# Hello all



## Rye

My name's Rye. Found these boards a little earlier. Just wanted to say hi and hope to participate in a lot of discussions on these boards.


----------



## Jeff

Hello Rye,

Welcome and congratulations for your recent success with Misconduct, Day Of The Assassin and The Mason Files. I'm sure you'll like all the nice people here.


Jeff


----------



## Linda Cannon-Mott

Hi Rye, nice to have you here. I look forward to reading more posts from you. We are a friendly bunch for the most part.


----------



## Guest

Welcome Rye.


----------



## Betsy the Quilter

Linda Cannon-Mott said:


> Hi Rye, nice to have you here. I look forward to reading more posts from you. We are a friendly bunch for the most part.


Don't talk about Bacardi Jim like that! LOL! 

Betsy


----------



## Betsy the Quilter

Rye said:


> My name's Rye. Found these boards a little earlier. Just wanted to say hi and hope to participate in a lot of discussions on these boards.

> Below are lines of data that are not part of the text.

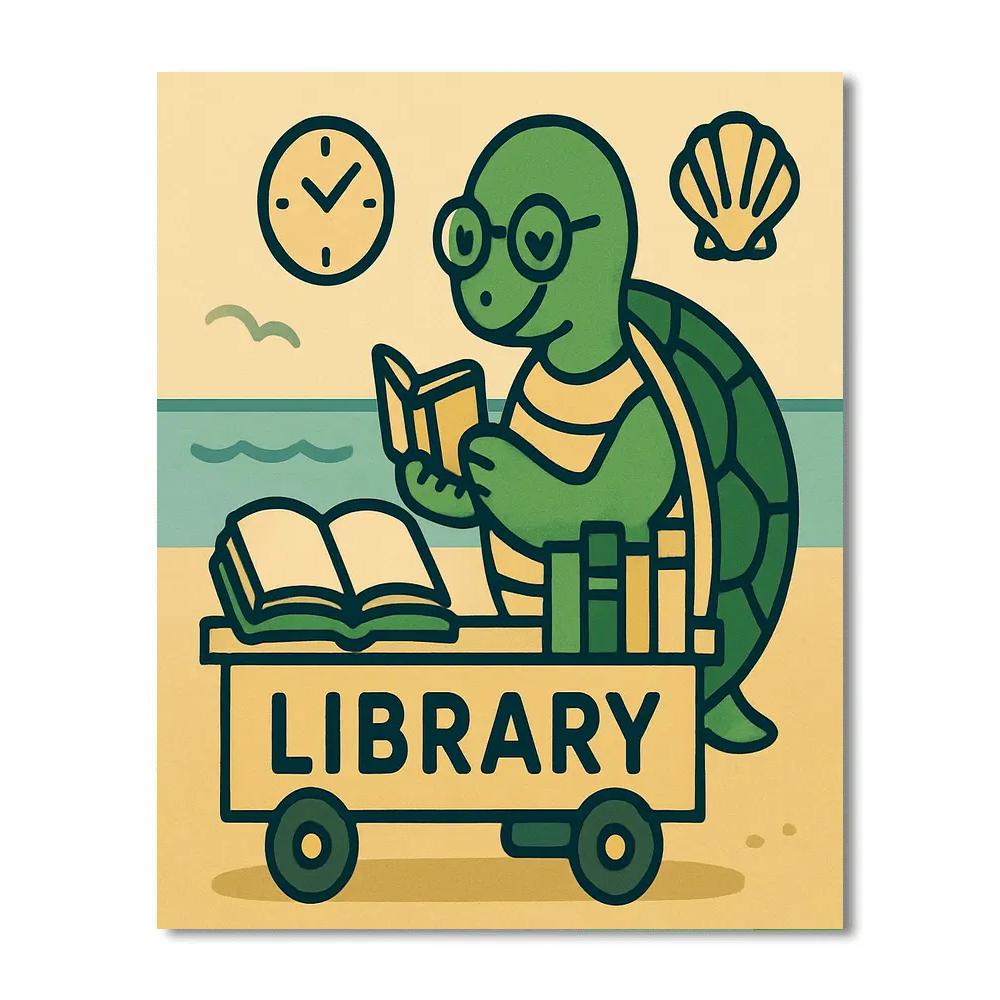 Time-Traveling Turtle Library paint by numbers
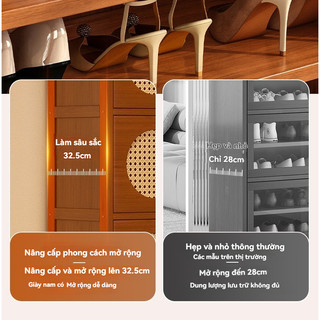 Tủ đựng giày tủ giày mây mắt cáo cửa lật Cửa chống ẩm, chống bụi tủ giày mây tre đan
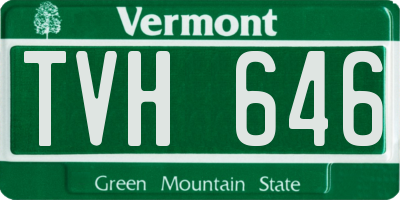 VT license plate TVH646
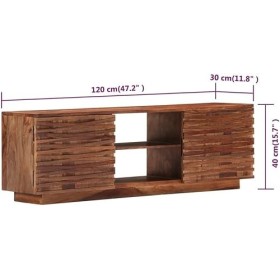 Meuble TV Salon Meuble TV Console Multimédia Meuble TV en Bois 47,2" x11,8 x15,7 Bois de Sesham Massif pour Salon, Couloir, E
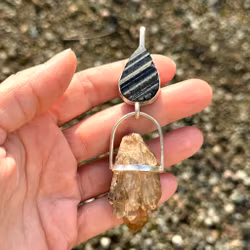 Rooted in Fire, Crowned by Light - Black Tourmaline with Kundalini Citrine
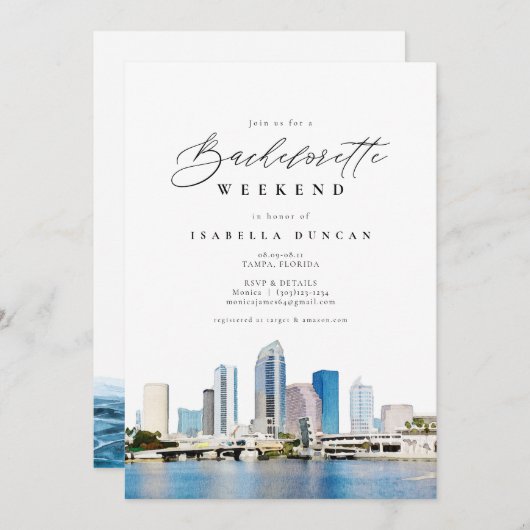 Wasserfarbe Tampa Florida Skyline Ozean Tropisches Einladung (Vorne/Hinten)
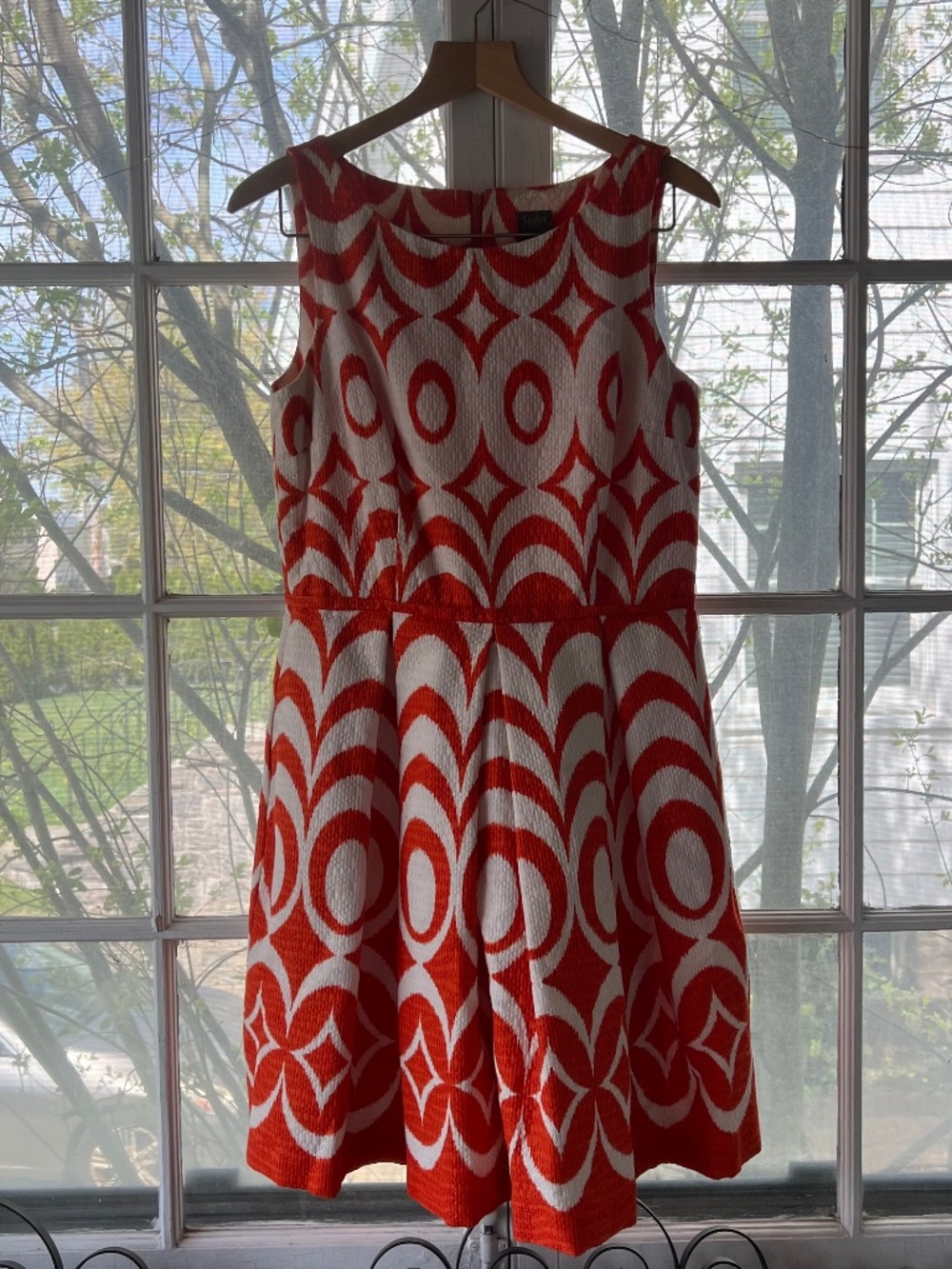 Taylor Orange and White Dress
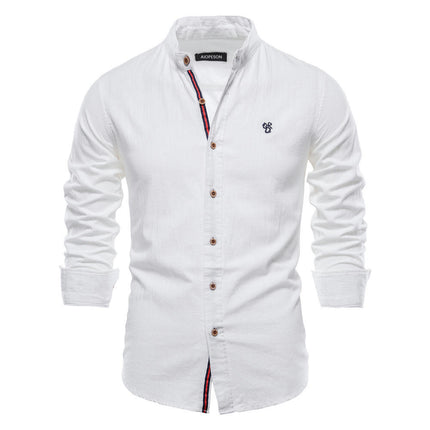 Men's Mandarin Collar Slim Fit Long Sleeve Casual Button Down Dress Shirt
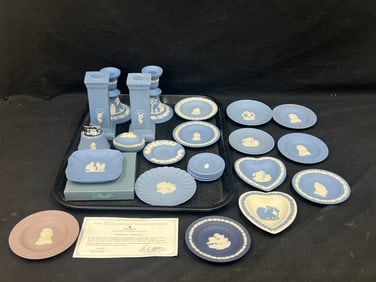 25pcs Wedgwood Jasper Blue White Purple - Millenium Candlesticks 6''T with COA, Heart Dishes,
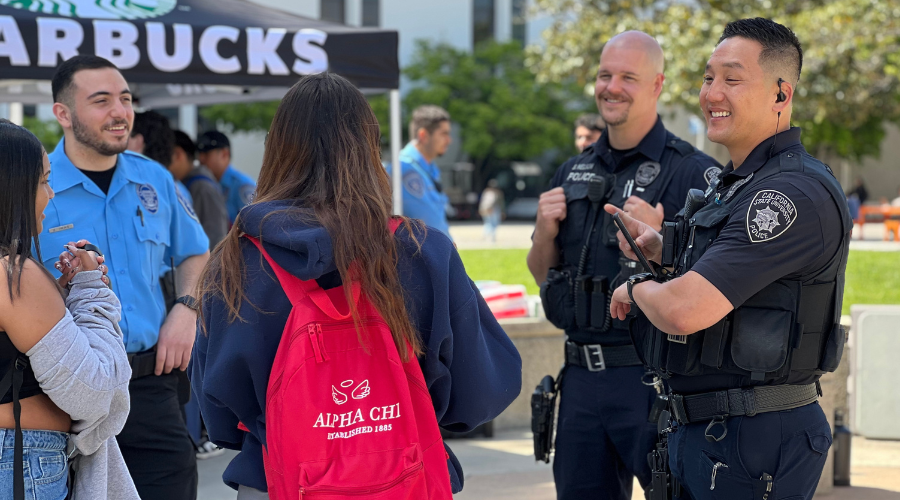 Two CSUF police officers and student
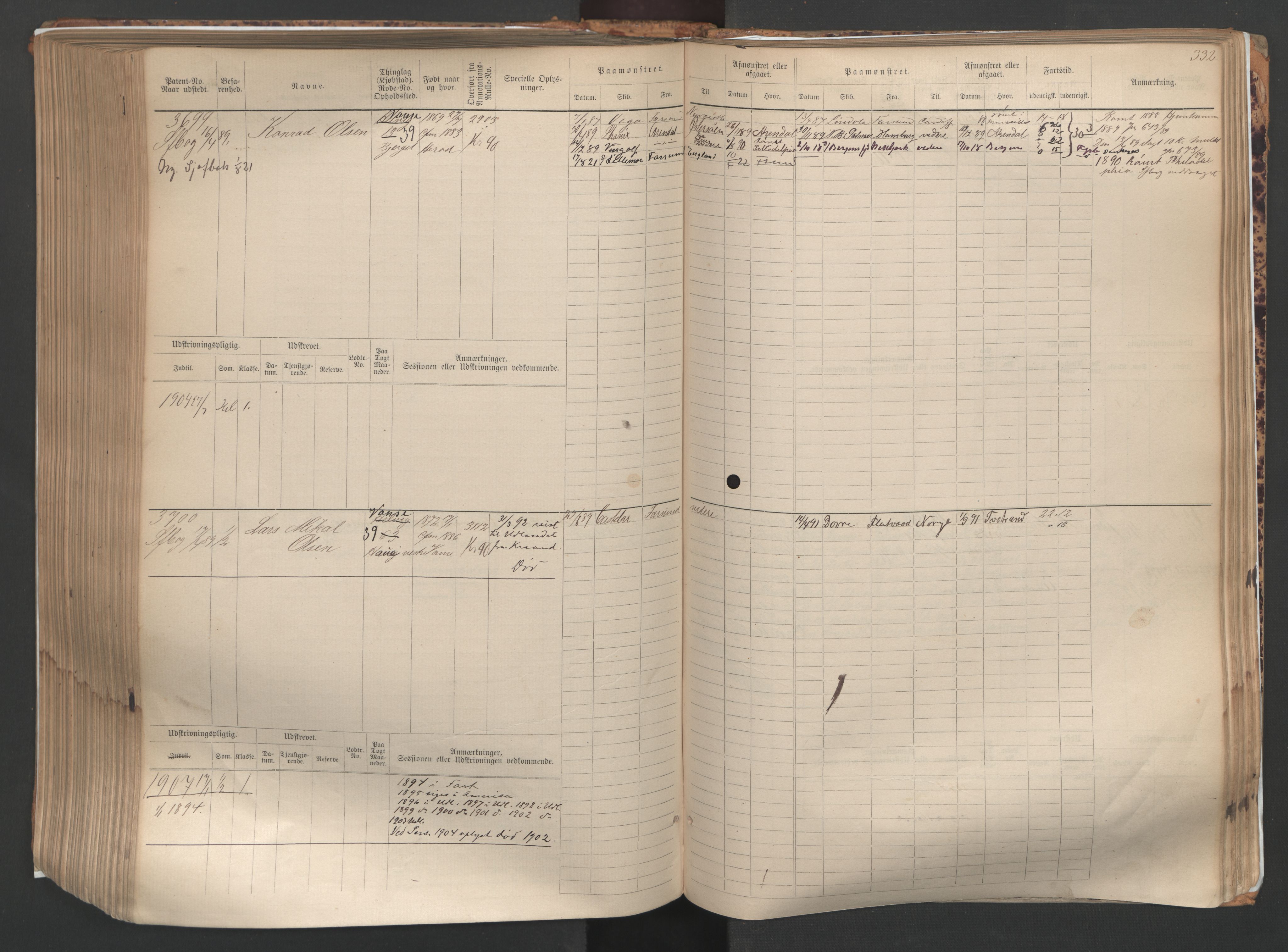 Farsund mønstringskrets, SAK/2031-0017/F/Fb/L0005: Hovedrulle nr 3041-3804, M-8, 1883-1930, p. 335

Rye, welcome to the KindleBoards!

Be sure to check out the other topics on the board, too! We have tips and tricks, a book corner, accessories, lots of other stuff!

Betsy


----------



## Angela

Betsy the Quilter said:


> Don't talk about Bacardi Jim like that! LOL!
> 
> Betsy


LOL

Hi Rye and welcome to the boards... You didn't mention whether or not you are a Kindle owner or an owner wannabe...??


----------



## Sailor

Welcome Aboard Rye,

This is the place to learn all about Kindle-mania.

Be sure to Post your name in the Decal-Girl contest. Tomorrow is the last day for the drawing
and you have that one chance to win. It is a skin that goes over the Kindle to protect it.

Nice to meet you.


----------



## Guest

Linda Cannon-Mott said:


> Hi Rye, nice to have you here. I look forward to reading more posts from you. We are a friendly bunch for the most part.


I always feel like she's talking about me for some reason..

Welcome Rye. Be prepared for assimilation into the Kindlenation


----------



## Jeff

Rye,

Sorry. I should have warned you that writers get no respect here.  

It would appear that no one visited your web site or read your blog.


----------



## Betsy the Quilter

It's not a matter of lack of respect for writers (or for quilters either), it's the tiny little print in the sigs. 
We've learned to tune out the sigs here.

I've gotten very few hits on my website as a result of having my url, www.betsytruedesigns.com, in my sig. More when I work it into the message, as I just did!

Betsy


----------



## Jeff

Betsy the Quilter said:


> It's not a matter of lack of respect for writers (or for quilters either), it's the tiny little print in the sigs.
> We've learned to tune out the sigs here.
> 
> Betsy


That's what I meant to say.


----------



## Guest

Can't you use the [size command to make your Sig font bigger?


----------



## Jeff

Maybe that’s what I meant to say.


----------



## Leslie

Hi Rye, welcome...glad to have you here!

L


----------



## Betsy the Quilter

Vampyre said:


> Can't you use the [size command to make your Sig font bigger?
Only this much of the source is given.